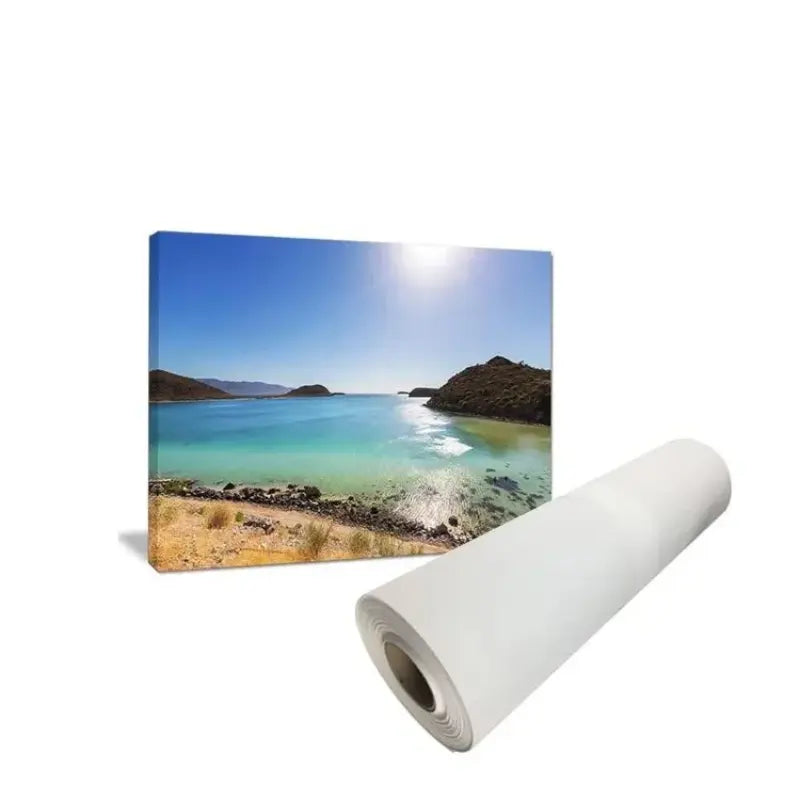 Vinil Poly-Canvas Ecosolvente de Alta Calidad 1,37m x 50m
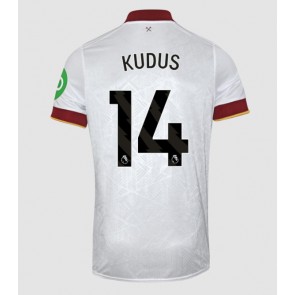 West Ham United Mohammed Kudus #14 Alternativní Dres 2024-25 Krátkým Rukávem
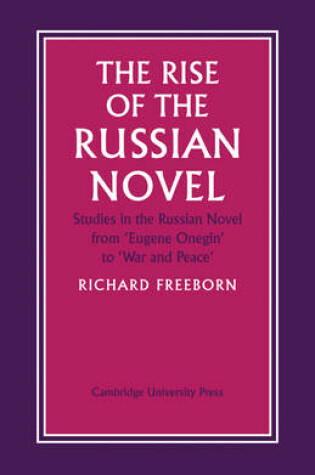 Cover of The Rise of the Russian Novel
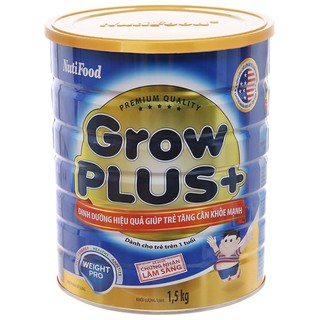Sữa bột GrowPlus NutiFood Xanh,Đỏ 1500g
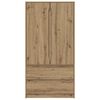 vidaXL Schrank mit T&uuml;r Artisan-Eiche 79,5 x 49 x 156 cm Holzwerkstoff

▬▬▬▬▬▬▬▬▬▬

▸ Aim of the exercise
Your copy should restate every record word for word and contain no pictures.

▸ Your response
 Vinil Poly-Canvas Ecosolvente de Alta Calidad 1,37m x 50m
 West Ham United Mohammed Kudus #14 Alternativní Dres 2024-25 Krátkým Rukávem
 Cover of The Rise of the Russian Novel
Sữa bột GrowPlus NutiFood Xanh,Đỏ 1500g
 vidaXL Schrank mit T&uuml;r Artisan-Eiche 79,5 x 49 x 156 cm Holzwerkstoff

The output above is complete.